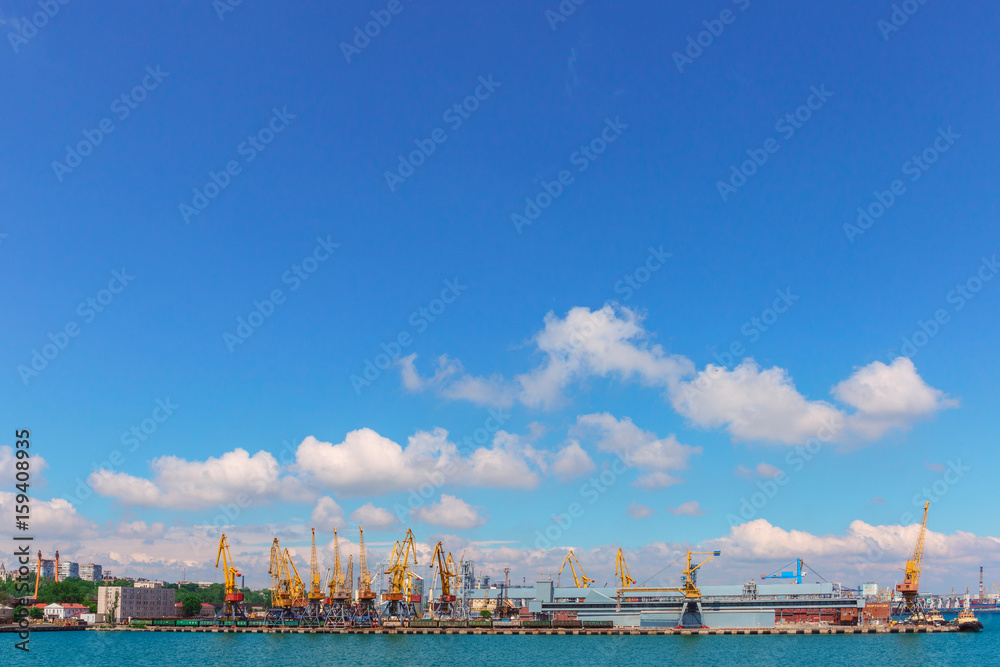 landscape sea port and yellow cranes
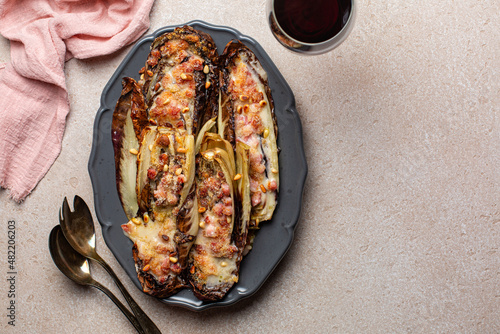 Baked red Radicchio with Bacon, bechamel, pine nuts and parmesan cheese. Red wine. Italian food. Copy space.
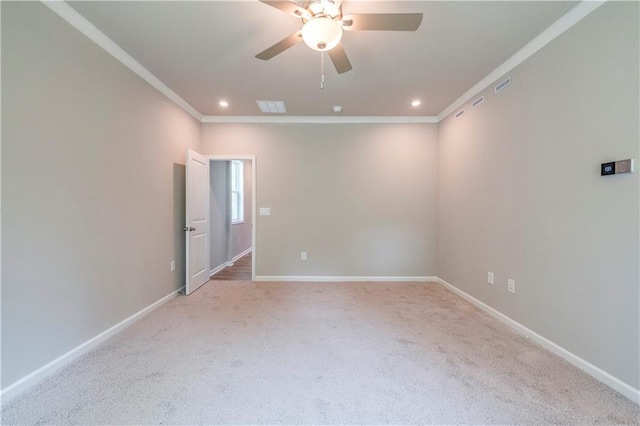 carpeted spare room with ceiling fan and crown molding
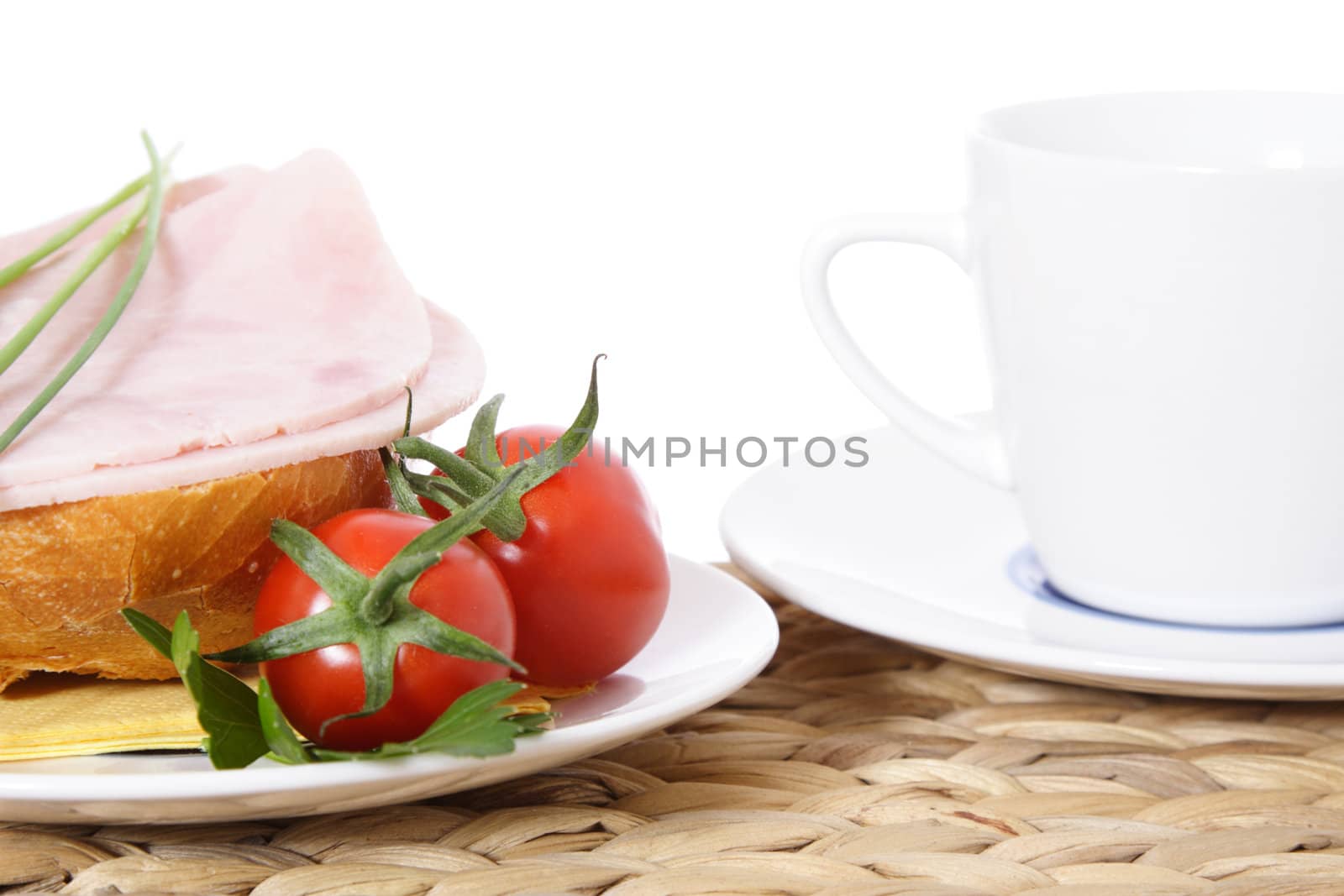 Fine served half wheat roll with boiled ham. All on white background.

::::::

**What you will do**
Output all of the data above exactly; no pictures should appear.

**Result for this exercise**
 landscape sea port and yellow cranes
 Baked red Radicchio with Bacon, bechamel, pine nuts and parmesan cheese. Red wine. Italian food. Copy space.
 carpeted spare room with ceiling fan and crown molding
 Fine served half wheat roll with boiled ham. All on white background.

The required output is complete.